Sharing a house with an unaltered cat can be very unpleasant. Males are extremely likely to spray, and females in heat can really make a pest of themselves – yowling at all hours and constantly demanding attention. The good news is that spaying and neutering are relatively straightforward procedures.
After a physical exam and maybe some pre-anesthetic blood work, the veterinarian or technician will anesthetize the cat. For spays, this usually involves one or more injections followed by an endotracheal tube placed in the windpipe through which the cat will breathe oxygen and anesthetic gasses. Next, the cat’s belly is shaved and scrubbed with antiseptic solutions. During the spay itself the surgeon makes an incision through the skin and abdominal wall; locates, ties off, and cuts free both ovaries and the body of the uterus; checks the abdomen for any abnormal bleeding; and sews the abdominal wall and skin back together. Veterinarians often use absorbable skin sutures that do not need to be removed once the incision has healed.
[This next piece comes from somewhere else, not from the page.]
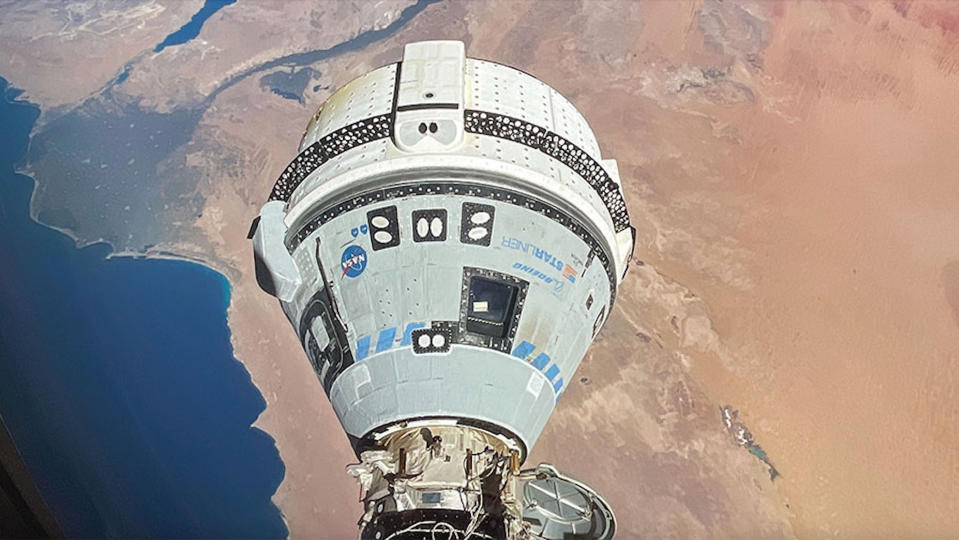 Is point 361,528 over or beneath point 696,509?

Routine cat neuters are performed under injectable anesthesia only (i.e., no inhalant anesthetics or oxygen required). Once the pet is deeply asleep and unable to feel any pain, the veterinarian or technician removes the hair from the scrotum and thoroughly cleans the area. The surgeon then makes a small incision over one testicle, ties off and cuts the spermatic cord and blood vessels, and repeats the procedure on the second side. No skin sutures are needed. Pain relief, other than what is given at the time of surgery, is usually not required.
Post-operatively, owners should watch their cats for any abnormalities for about a week. Females may go home with a few days of medication to relieve pain and an Elizabethan collar if licking is a problem.